In 2008, Foster request a review of a certification and USDA granted the request simply on the basis of the statute which plainly states that a review of a certification is available upon request. The request was granted even though the regulation was in place at that time. The area was recertified as a wetland in 2011. This was despite Foster having dug two test holes to monitor water levels in the disputed area – one of which was immediately next to the trees. The data Foster collected showed that the trees slowed the drying of the soil in the hole next to the trees. The USDA/NRCS refused the data, claiming that Foster didn’t’ have the expertise to interpret the data. As a result, Foster installed two weather stations and hired an engineering firm to “officially” conclude that the tree belt was slowing the drying of the soil.
Foster challenged the 2011 recertification, but the trial court affirmed the determination as not arbitrary and capricious (the judicial deference standard given administrative agency decisions). The U.S. Court of Appeals for the Eighth Circuit affirmed, and the U.S. Supreme Court declined to review the case. Foster v. Vilsack, 820 F.3d 330 (8th Cir. 2016), cert. den., 137 S. Ct. 620 (2017).

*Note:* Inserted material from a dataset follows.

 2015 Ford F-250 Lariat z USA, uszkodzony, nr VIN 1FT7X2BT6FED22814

Note: Before Foster’s request for review of the 2011 certification, another South Dakota farmer with a similar set of facts successfully had NRCS remove a wetland label on a .3-acre portion of a field. Like Foster’s situation, the .3-acre portion was impacted by snow caught in a tree belt. Thus, after the court decisions, the question remained as to whether a farmer has a legal obligation to present evidence of changed conditions. The statute contains no such requirement. In 2008, the recertification request was granted with no obligation on Foster’s part to provide evidence of changed conditions. The evidence provided was not requested. Also, published NRCS infiltration rates for the soil type of the depression indicated that the ponding would be gone in less than two weeks (the required inundation period for a wetland finding).
In 2017, Foster again sought a review of the certification under 16 U.S.C. §3822(a)(4) which, as noted, provides for review of a final certification upon request by the person affected by the certification. The USDA/NRCS didn’t respond on the basis that Foster didn’t provide new information that the NRCS hadn’t previously considered. Foster filed for review again in 2020 along with professionally prepared engineering reports from two firms that concluded that the area in question ponded due to the tree belt and was an artificial wetland not subject to Swampbuster.

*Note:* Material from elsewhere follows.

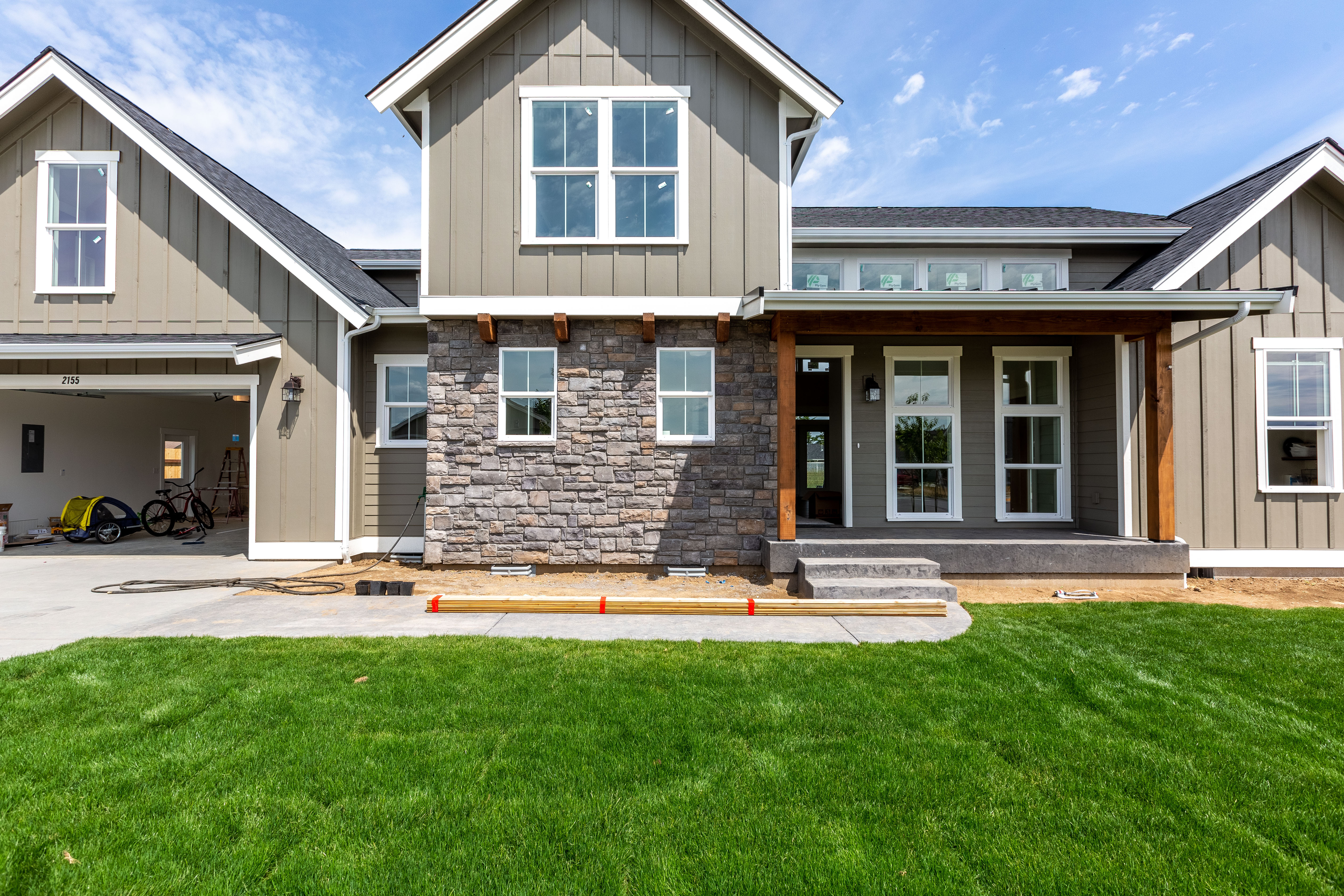 Contemporary Farmhouse 820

The USDA denied review in 2020 citing its own regulation of 7 C.F.R. §12.30(c)(6) which required the plaintiff to show how a natural event changed the topography or hydrology of the wetland that caused the certification to no longer be a reliable indicator of site conditions. The plaintiff claimed that new evidence existed that would refute the 2011 certification, and also claimed that 16 U.S.C. §3822(a)(4) provided no restriction on the ability to get a review and, as a result, 7 C.F.R. §12.30(c)(6) violated the due process clause by restricting reviews and was arbitrary and capricious under the Administrative Procedure Act.
The trial court held that 7 C.F.R. §12.30(c)(6) merely restricted when an agency must review a final certification. The trial court also determined that 7 C.F.R. §12.30(c)(6) did not violate the due process clause as the plaintiff did not show any independent source of authority providing him with a right to certification review on request. The USDA’s denials of review were found not to be arbitrary or capricious and that the plaintiff failed to provide any evidence that the natural conditions of the site had changed, which would require a review of the certification. The plaintiff also claimed that the Swampbuster provisions were unconstitutional under the Commerce Clause and the Tenth Amendment.
The trial court rejected the plaintiff’s claims and determined that the statute of limitations on challenging the certification had run. The trial court also held that the USDA was entitled to summary judgment on the plaintiff’s claim that Swampbuster was unconstitutional, holding that the provisions were within the power of the Congress under the spending clause of Article I, Section 8 of the Constitution. The trial court also ruled that Swampbuster did not infringe upon state sovereignty by requiring states to implement a federal program, statute or regulation. The trial court further rejected the plaintiff’s claim that a part of Swampbuster violated the Congressional Review Act, finding that the provision at issue was precluded from judicial review. The court dismissed all the plaintiff’s claims against the USDA and denied the ability for the area to be reviewed again.
The appellate court. Foster filed an appeal with the U.S. Court of Appeals for the Eighth Circuit on August 16, 2022, and the appellate court issued its opinion on May 12, 2023. The appellate court affirmed. The court stated that NRCS noted the engineer’s report and asked the engineering firm to identify any evidence that the NRCS had not fully considered the tree belt at the time of the 2011 recertification decision. The appellate court stated, “Neither Foster nor the engineering firm ever responded to the request.” The court went on to state that the NRCS reviewed the engineering report, compared it to the record, and declined the review request for noncompliance with the regulation.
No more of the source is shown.